Esta memoria selectiva, tan importante para permitirnos sobrevivir como individuos, funciona también a nivel social y permite que las comunidades sobrevivan. Desde los tiempos en que la especie empezaba a emitir sus primeros sonidos significativos, las familias y las tribus han necesitado a los ancianos. Tal vez antes no sirvieran y prescindían de ellos cuando ya no eran capaces de encontrar comida. Pero, con el lenguaje, los ancianos se convirtieron en la memoria de la especie: se sentaban en la caverna, alrededor del fuego, y contaban lo que había pasado (o se decía que había pasado, de ahí la función de los mitos) antes de que los jóvenes hubieran nacido. Antes de que se empezara a cultivar esa memoria social, el hombre nacía sin experiencia, no le daba tiempo a adquirirla, y moría. Después, un joven de veinte años era como si hubiera vivido cinco mil. Los hechos acontecidos antes que él, y lo que los ancianos habían aprendido, entraban a formar parte de su memoria.

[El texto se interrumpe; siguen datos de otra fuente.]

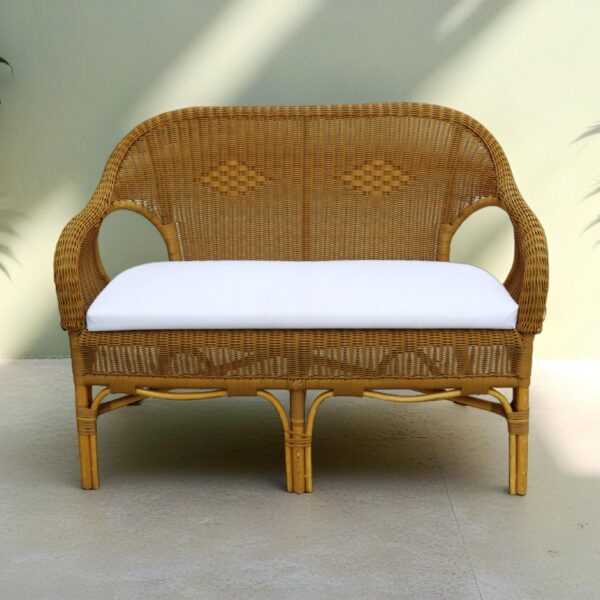 ספה מעוצבת בעבודת רשת עם cushion לבן, מתאימה להשכרת ריהוט לאירועים שונים.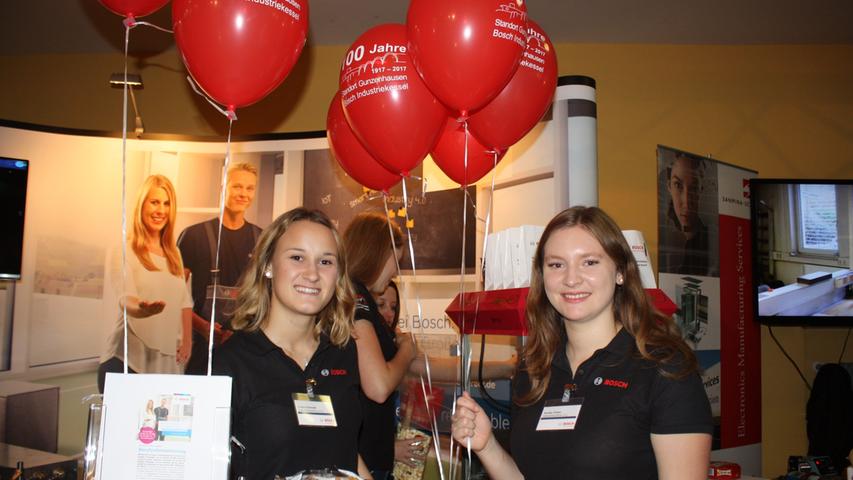 Mit roten Luftballons machte die Firma Bosch auf sich aufmerksam. Am dortigen Stand informierten die Auszubildenden Luisa Schmidt und Annika Färber gerne über ihren Ausbildungszweig Industriekauffrau.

Los ancianos, que articulaban el lenguaje para entregar a cada uno las experiencias de quienes los habían precedido, seguían representando, en su nivel más evolucionado, la memoria orgánica, la que registra y administra nuestro cerebro. Ahora bien, con la invención de la escritura, asistimos al nacimiento de una memoria mineral. Digo mineral porque los primeros signos se graban en tablillas de arcilla, se esculpen en la piedra; porque forma parte de la memoria mineral también la arquitectura, dado que, desde las pirámides egipcias hasta las catedrales góticas, el templo era asimismo un registro de números sagrados, de cálculos matemáticos, y a través de sus estatuas o sus pinturas transmitía historias, enseñanzas morales; en definitiva, como se ha dicho, era una enciclopedia de piedra.

Y si los primeros ideogramas, caracteres cuneiformes, runas, letras alfabéticas tenían un soporte mineral, también tiene un soporte mineral la más actual de las memorias, la de los ordenadores, cuya materia prima es el silicio. Hoy en día, gracias a los ordenadores, disponemos de una memoria social inmensa: basta con conocer las modalidades de acceso a las bases de datos y, sobre cualquier argumento, podríamos obtener todo lo que se necesita saber; sobre un solo tema, una bibliografía de diez mil títulos. Pero no hay mayor silencio que el ruido absoluto, y la abundancia de información puede generar la absoluta ignorancia. Ante el inmenso almacén de memoria que las computadoras pueden ofrecernos, todos nosotros nos sentimos como Funes: obsesionados por millones de detalles, podemos perder cualquier criterio de selección. Saber que existen diez mil libros sobre Julio César es lo mismo que no saber nada: si me hubieran aconsejado uno, habría ido a buscarlo; ante el deber de empezar a explorar esos diez mil títulos, no sigo adelante.